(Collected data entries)
-*-*-
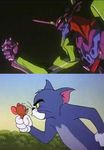  cat comparison decapitation eva_01 jerry_(tom_and_jerry) mecha mouse nagisa_kaworu neon_genesis_evangelion no_humans parody tom tom_and_jerry 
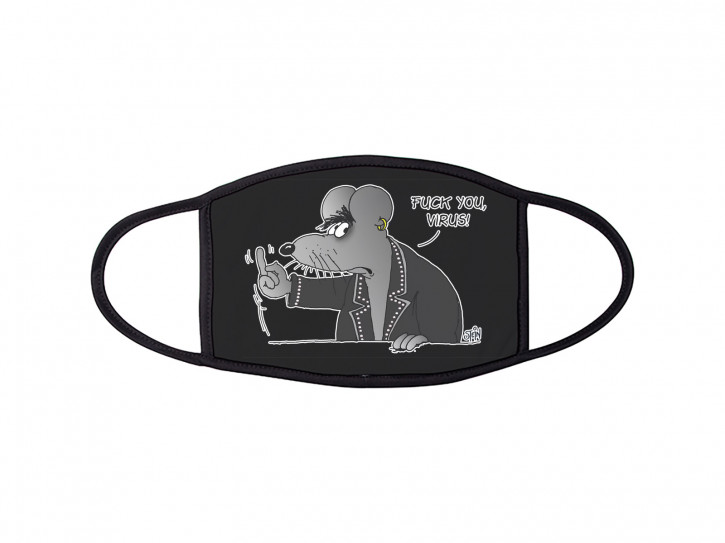 Maske schwarz "Fuck you, Virus" large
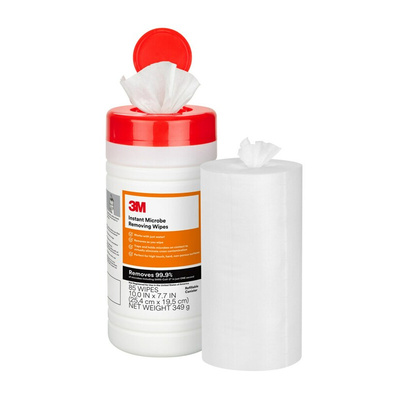 3M Dry Anti-Bacterial Wipes, Canister of 85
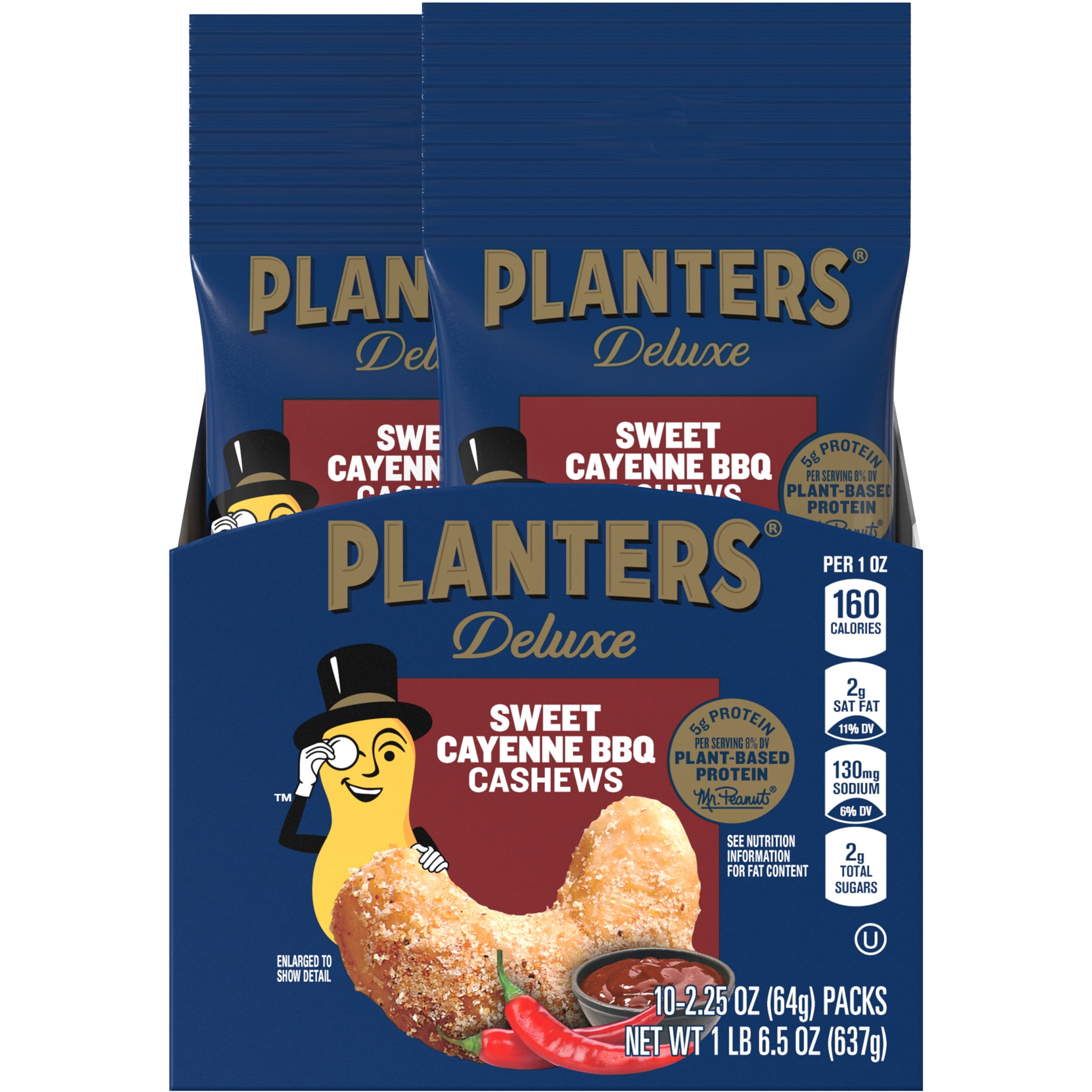 PLANTERS Sweet Cayenne Barbecue Cashews, Plantbased Protein, 2.25 oz Tube (Pack of 10
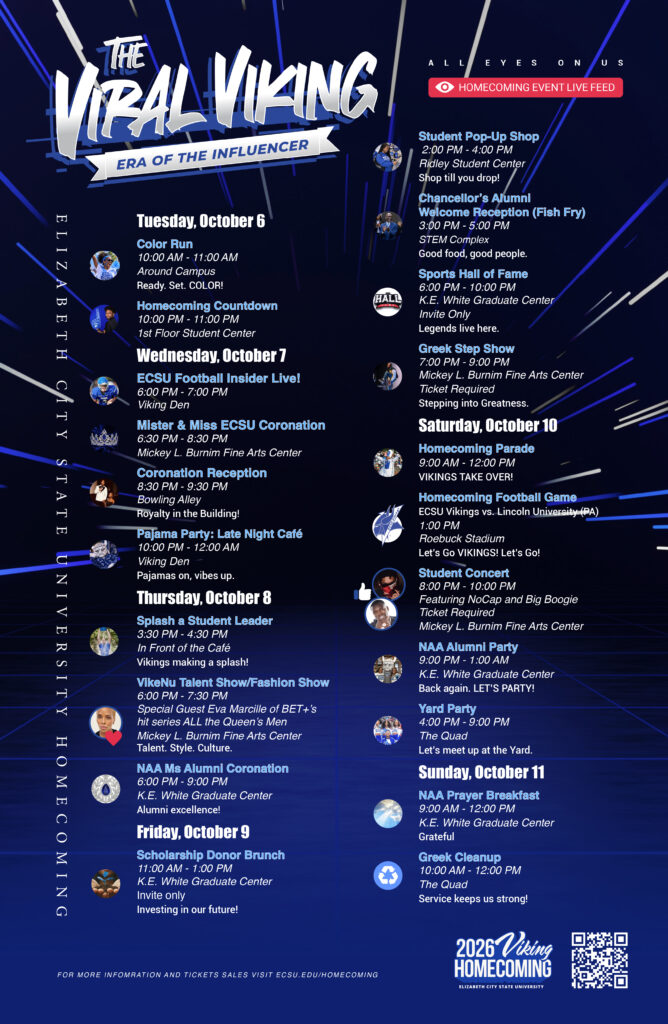 ECSU Homecoming 2026 schedule flyer themed "The Viral Viking: Era of the Influencer." The flyer lists Homecoming Week events from October 6 through October 11, including the Color Run, Coronation, Greek Step Show, Homecoming Parade, Student Concert, alumni events, talent show, and community activities, with event times, locations, and a QR code for additional information.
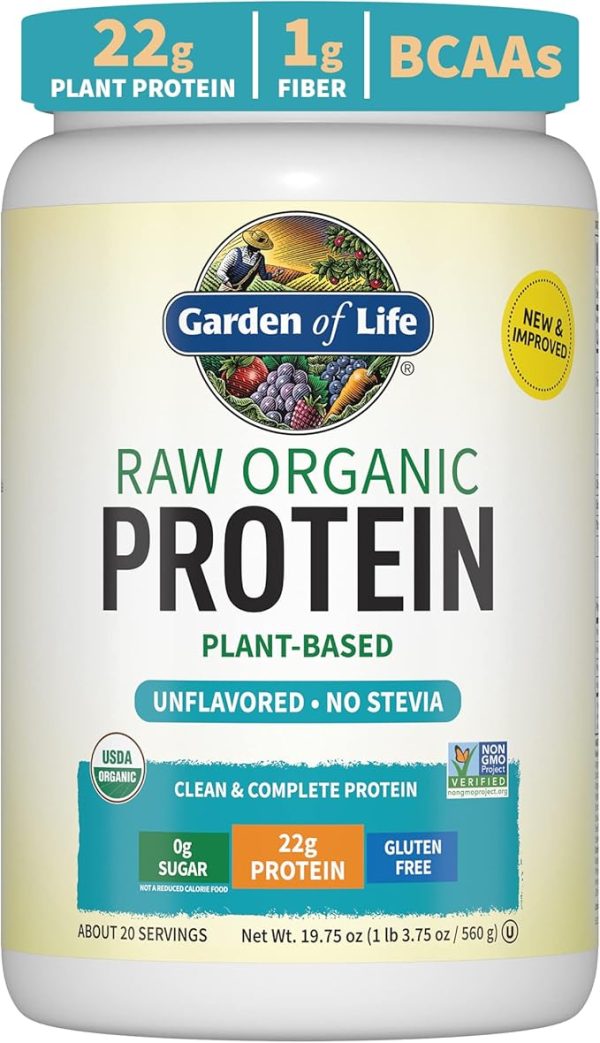 Organic Vegan Unflavored Protein Powder, Garden of Life 22g Plant Based Protein & BCAAs, Organic Protein Powder with Probiotics & Enzymes, Non-GMO, Gluten-Free Lactose Free 1.2 LB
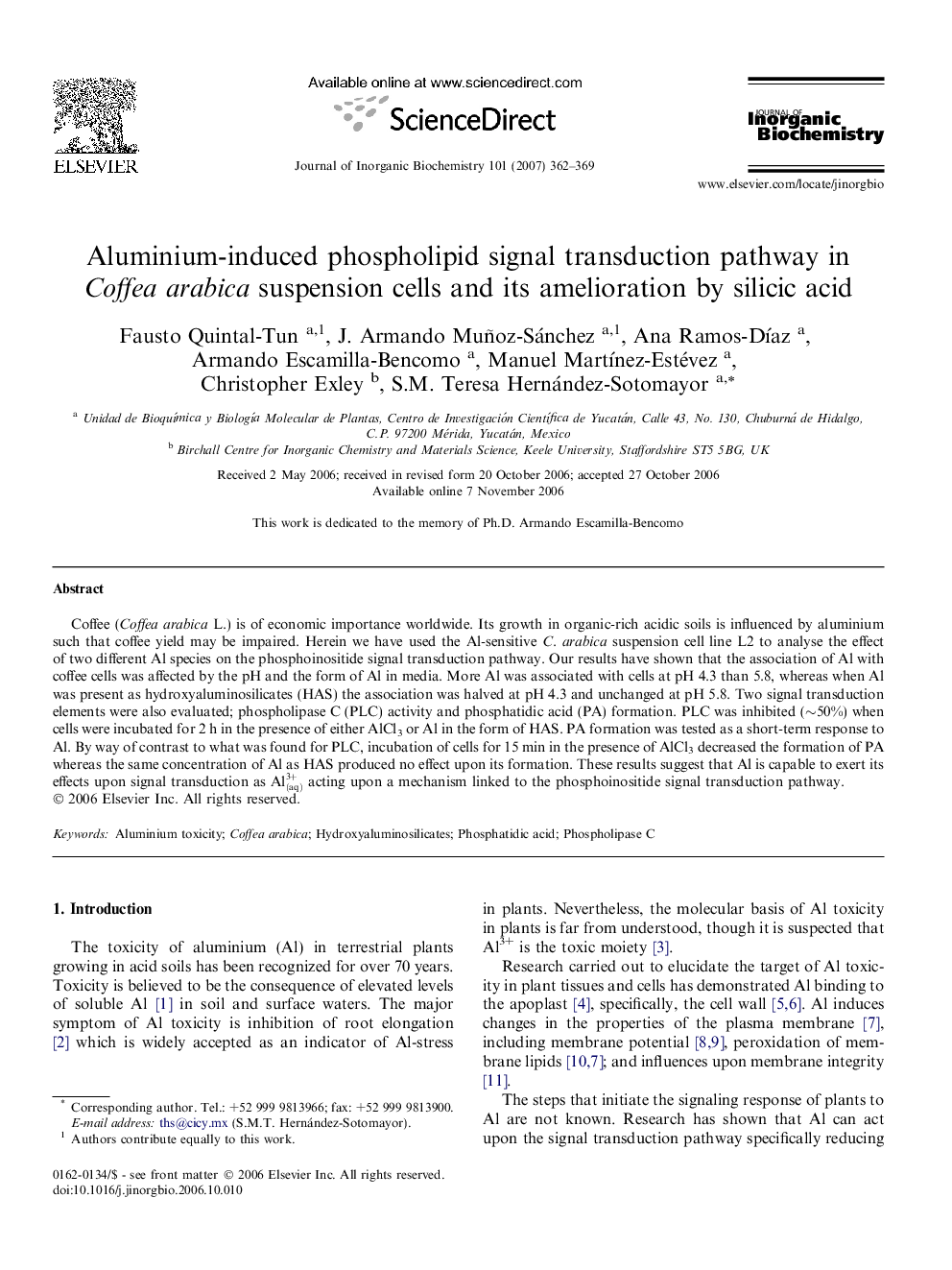 Aluminium-induced phospholipid signal transduction pathway in Coffea arabica suspension cells and its amelioration by silicic acid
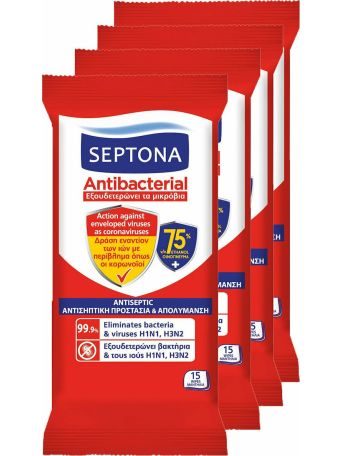 SEPTONA ANTIBACTERIAL WET WIPES REFRESH 75% ETHANOL 15PCS 2+2 PROMO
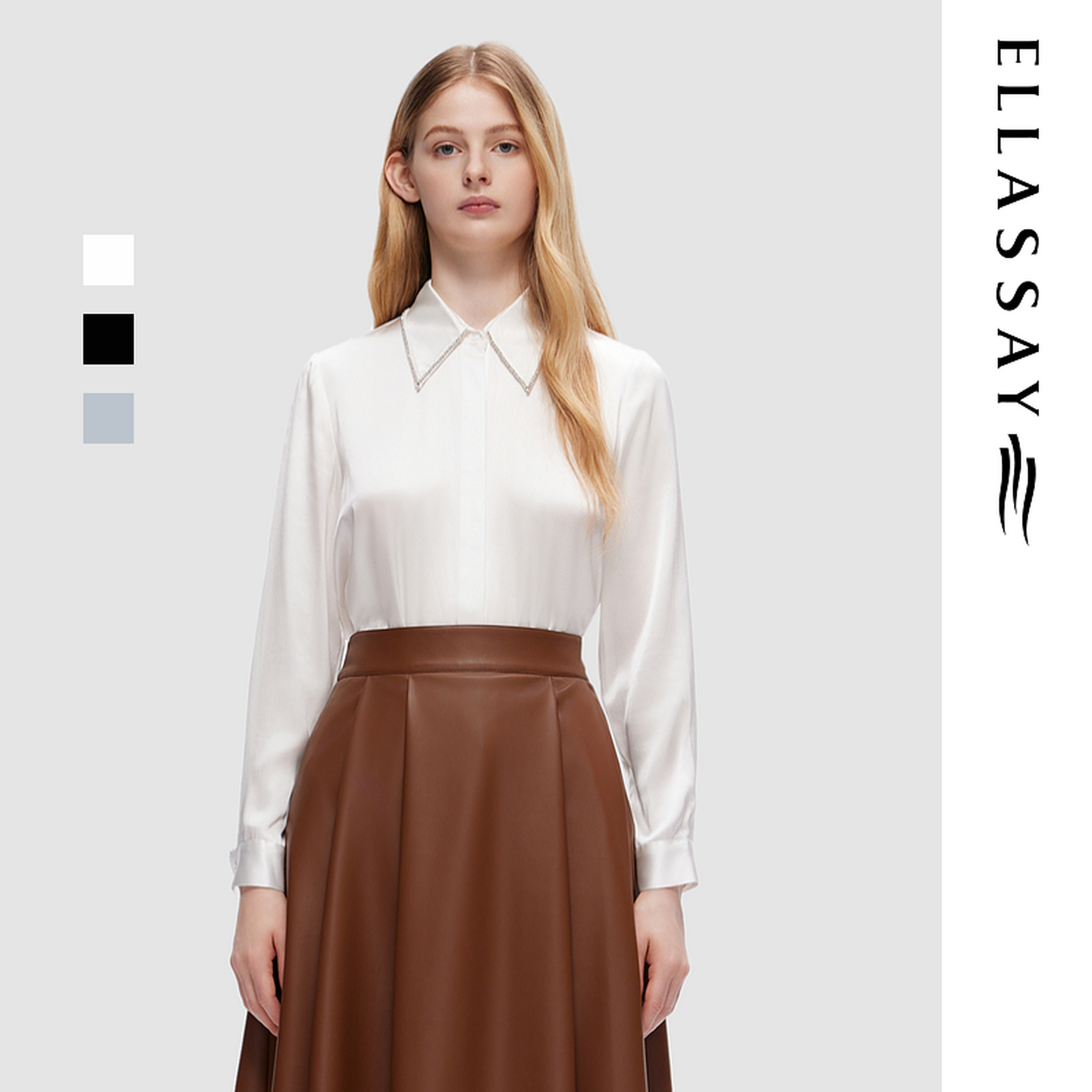 ELLASSAY歌力思秋季新款100%桑蚕丝简约通勤衬衫女EWD353C01400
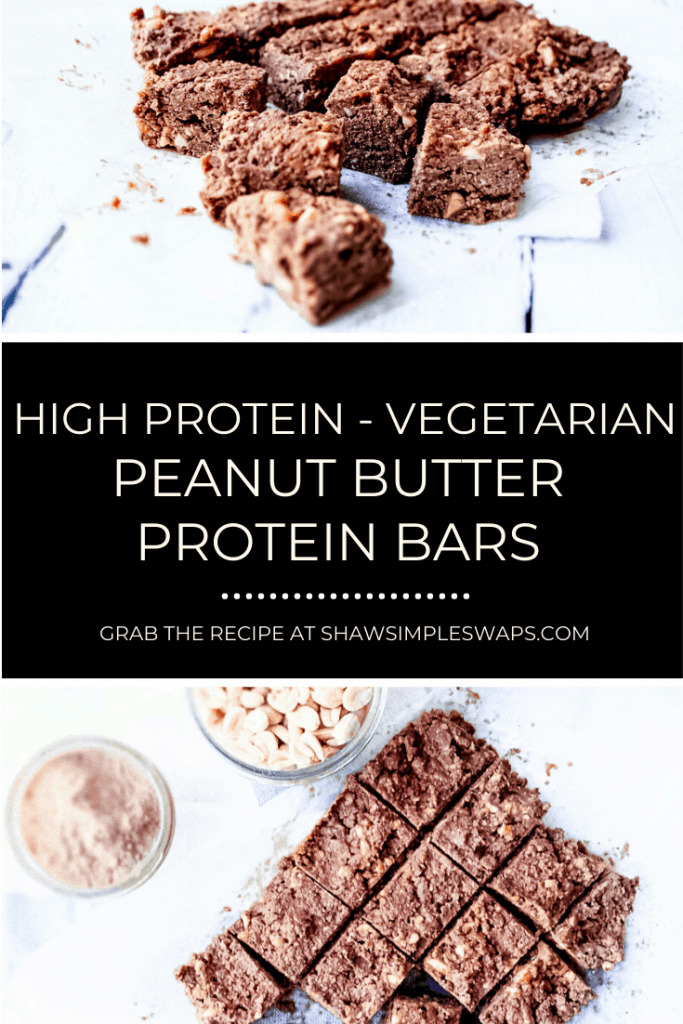 Chocolate Peanut Butter Protein Bars - A high protein snack post workout or just because! Can be made vegan with an alternative protein powder. Requires no baking! #nobakeproteinbars #chocolatepeanutbutterproteinbars #proteinbarrecipes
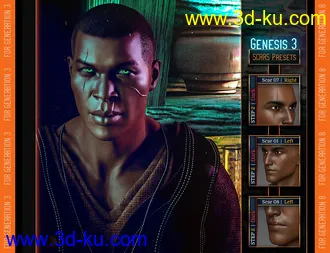 3D打印模型L.I.E. FACE SCARS for Genesis 3 and 8的图片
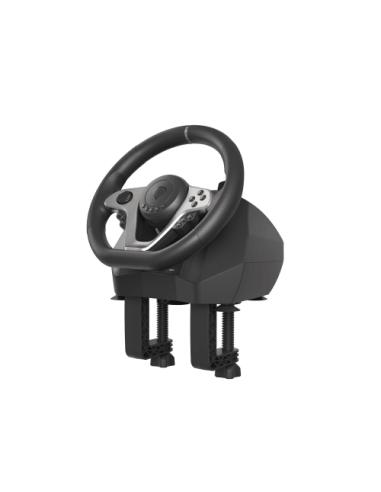 GENESIS Seaborg 400 Negro, Plata USB Volante + Pedales Nintendo Switch, PC, PlayStation 4, Playstation 3, Xbox 360, Xbox One, Xb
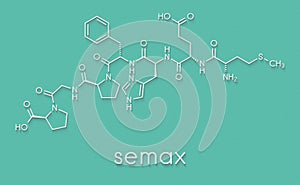 Semax peptide drug molecule. Skeletal formula.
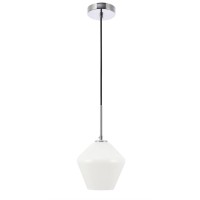 Gene 1 Light Chrome And Frosted White Glass Pendant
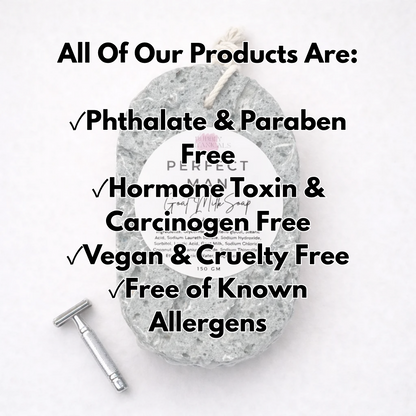 A gray textured goat milk soap sponge wrapped in clear plastic with a white paper label, shown on a white background with a silver safety razor. Large black text reads: 'All Of Our Products Are: Phthalate & Paraben Free, Hormone Toxin & Carcinogen Free, Vegan & Cruelty Free, Free of Known Allergens'.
-*-*-
Please return only the lines running from the line with "Gene 1 Light" to the final line of the data, both included, exactly and without any pictures.

* Written solution:
 Gene 1 Light Chrome And Frosted White Glass Pendant
 A gray textured goat milk soap sponge wrapped in clear plastic with a white paper label, shown on a white background with a silver safety razor. Large black text reads: 'All Of Our Products Are: Phthalate & Paraben Free, Hormone Toxin & Carcinogen Free, Vegan & Cruelty Free, Free of Known Allergens'.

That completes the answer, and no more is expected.